- Rally in Canada’s main export item triggered the pair’s pullback.
- Data from the US and oil market developments will entertain Loonie traders.
Although Easter Monday holiday confines major market moves, USD/CAD trades near the intra-day low of 1.3365 as WTI crude oil, Canada’s main export, rose to fresh five-month high.
Friday’s lesser than expected figures of the US housing market indicators could also be considered as a reason for the recent pullback.
During early Monday, the Washington Post came out with a news report claiming that the US will soon announce sanctions to those purchasing crude from Iran in order to cut the nation’s oil exports to zero.
The news propelled WTI crude oil to fresh five-month high of $64.92. The energy benchmark was earlier taking advantage of first in three-week decline in the US oil rig counts, as conveyed by Baker Hughes.
Apart from fundamentals concerning oil prices, the US March month existing home sales could also entertain short-term traders.

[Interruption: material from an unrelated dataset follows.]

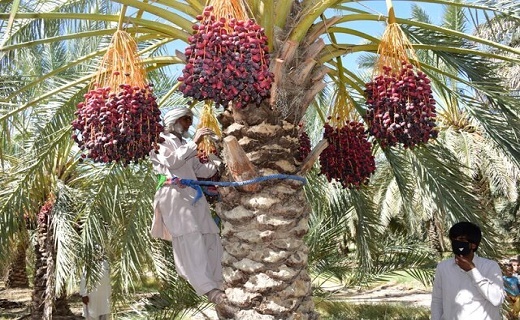 با تمام محرومیت هایش هرساله بیش از ۱۰۰ هزار تن انرژی می&zwnj;دهد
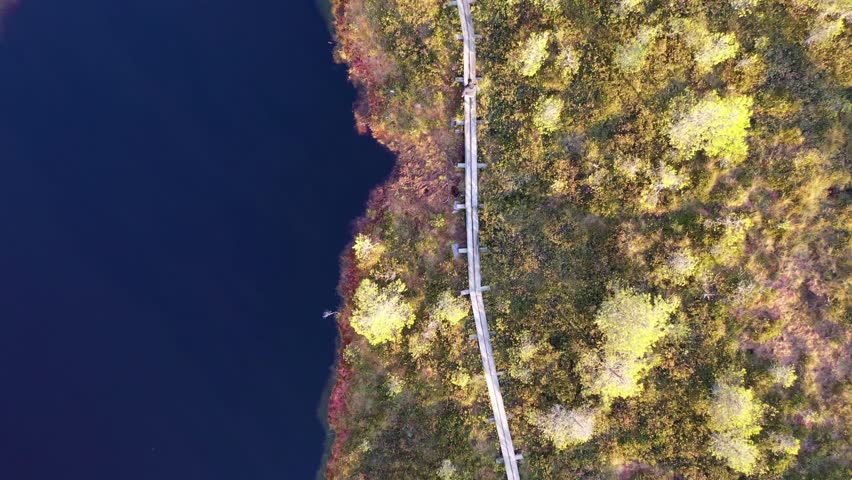 Aerial view of a man running on a wooden path through a vast swampy bog in Estonia. The scene features golden autumn colors, stunted pine trees, and reflecting peat pools under a cloudy sunset sky.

The housing market indicator is likely to follow recent sluggish data as forecasts suggest a print of 5.30 million versus 5.51 million prior with percentage change likely shrinking to -2.3% from +11.8% earlier readout.
USD/CAD Technical Analysis
A 100-day simple moving average (SMA) at 1.3330 seems nearby important support ahead of dragging the quote 1.3300 and March 19 lows near 1.3250.
Alternatively, the successful break of 1.3400 can question the strength of a downward sloping trend-line stretched since early-March, at 1.3435 now, a break of which may push buyers to 1.3500.